Exercise
Quote the entries in full, character for character, without their images.
'''
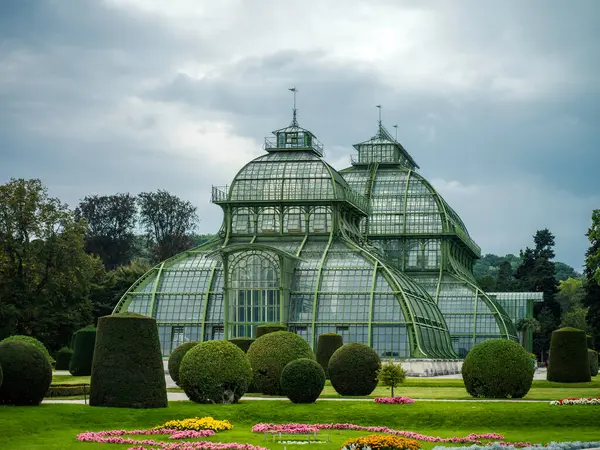 Viyana şehrinden anlar 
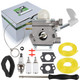 partszen 308054114 308054075 Carburetor for Homelite Carburetor Fits for 26B Leaf Blower UT09526 with Carburetor Adjusting Tool Air Filter partszen 308054114 308054075 Carburetor for Homelite Carburetor Fits for 26B Leaf Blower UT09526 with Carburetor Adjusting Tool Air Filter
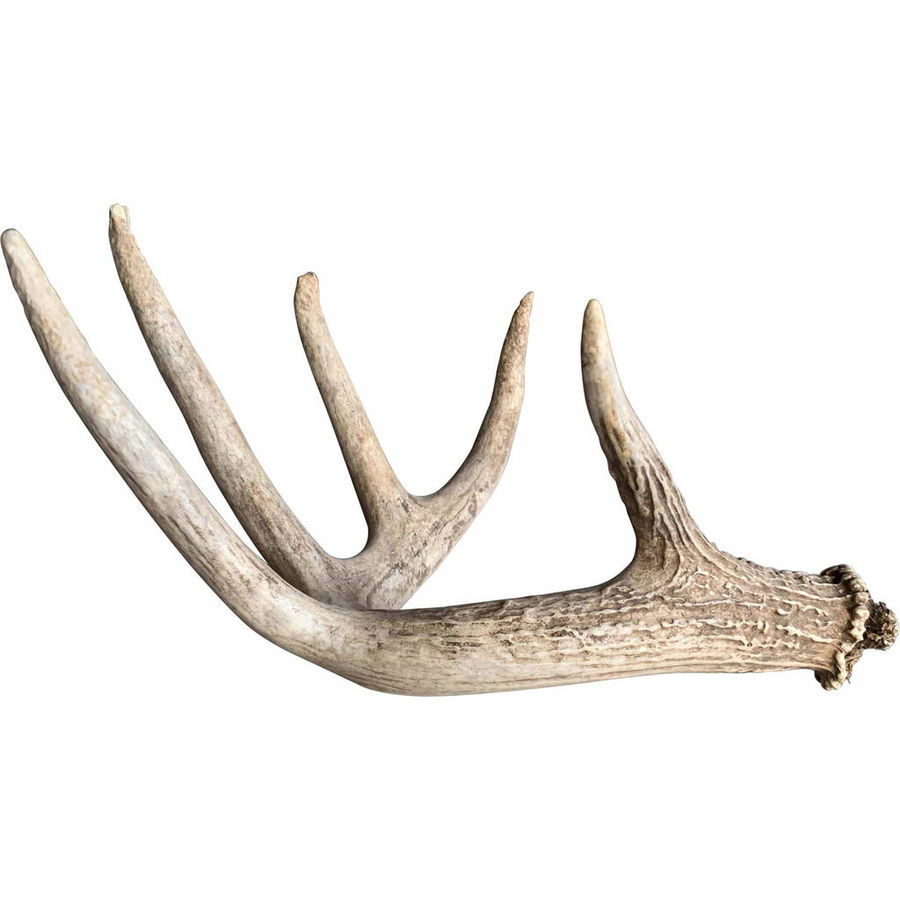 Deer Antler, Medium added by Louisa Klemperer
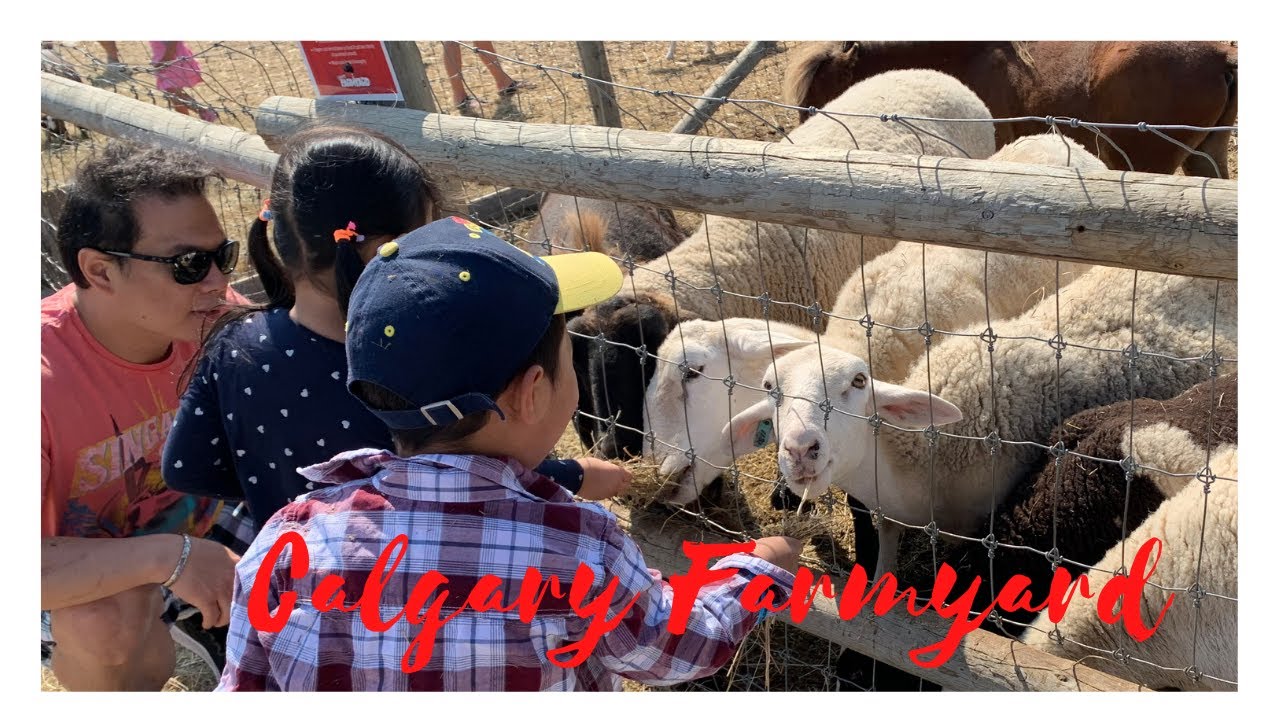 Calgary Farmyard | The Besty Vlog | Summer 2021 |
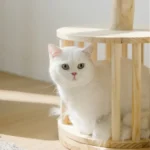 Un chat blanc dans une niche pour chat en bois
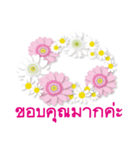 ありがとう花が咲くよ タイ語版（個別スタンプ：3）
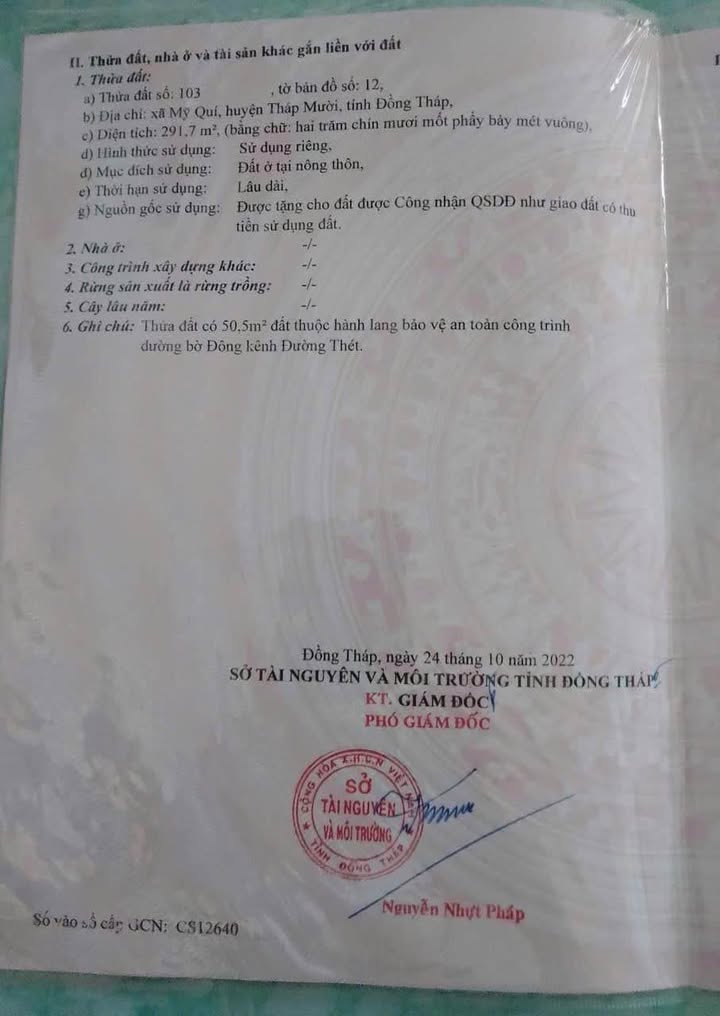 Đất nền xã Mỹ Quý, huyện Tháp Mười, 291m² giá chỉ 500 triệu - Đầu tư sinh lời ngay!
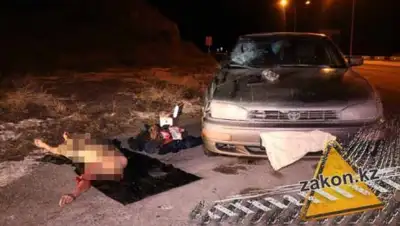 zakon.kz, фото - Новости Zakon.kz от 03.02.2019 00:52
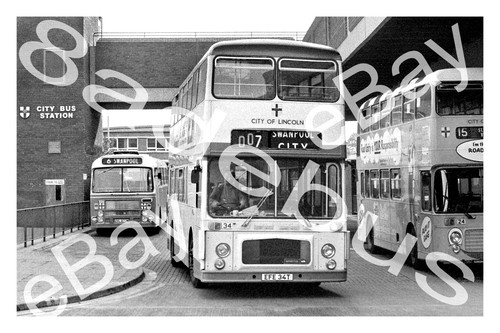 Bus photograph lincoln - photograph, c.t
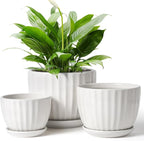 4/5/6 Inches Ceramic Plant Pots with Drainage Holes and Saucers, Round Flower Pots for Indoor Plant, Modern Flower Planters Set of 3 (White-Big Size)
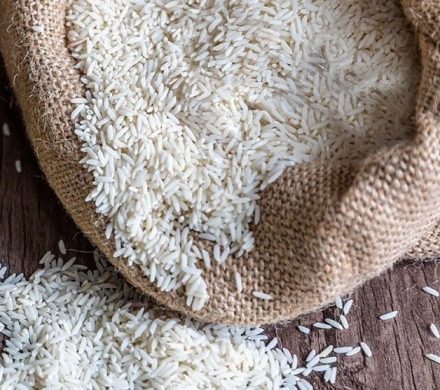 برنج پاکستانی وارداتی با قیمت تنظیم بازار توزیع می شود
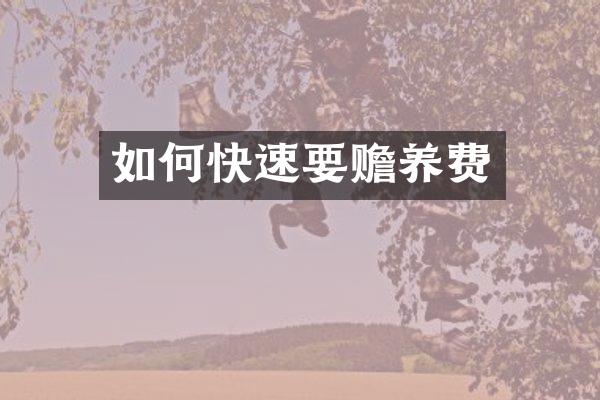 如何快速要赡养费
'''
Result
 Viyana şehrinden anlar 
 partszen 308054114 308054075 Carburetor for Homelite Carburetor Fits for 26B Leaf Blower UT09526 with Carburetor Adjusting Tool Air Filter partszen 308054114 308054075 Carburetor for Homelite Carburetor Fits for 26B Leaf Blower UT09526 with Carburetor Adjusting Tool Air Filter
 Deer Antler, Medium added by Louisa Klemperer
 Calgary Farmyard | The Besty Vlog | Summer 2021 |
 Un chat blanc dans une niche pour chat en bois
 ありがとう花が咲くよ タイ語版（個別スタンプ：3）
 Đất nền xã Mỹ Quý, huyện Tháp Mười, 291m² giá chỉ 500 triệu - Đầu tư sinh lời ngay!
 zakon.kz, фото - Новости Zakon.kz от 03.02.2019 00:52
 Bus photograph lincoln - photograph, c.t
 4/5/6 Inches Ceramic Plant Pots with Drainage Holes and Saucers, Round Flower Pots for Indoor Plant, Modern Flower Planters Set of 3 (White-Big Size)
 برنج پاکستانی وارداتی با قیمت تنظیم بازار توزیع می شود
 如何快速要赡养费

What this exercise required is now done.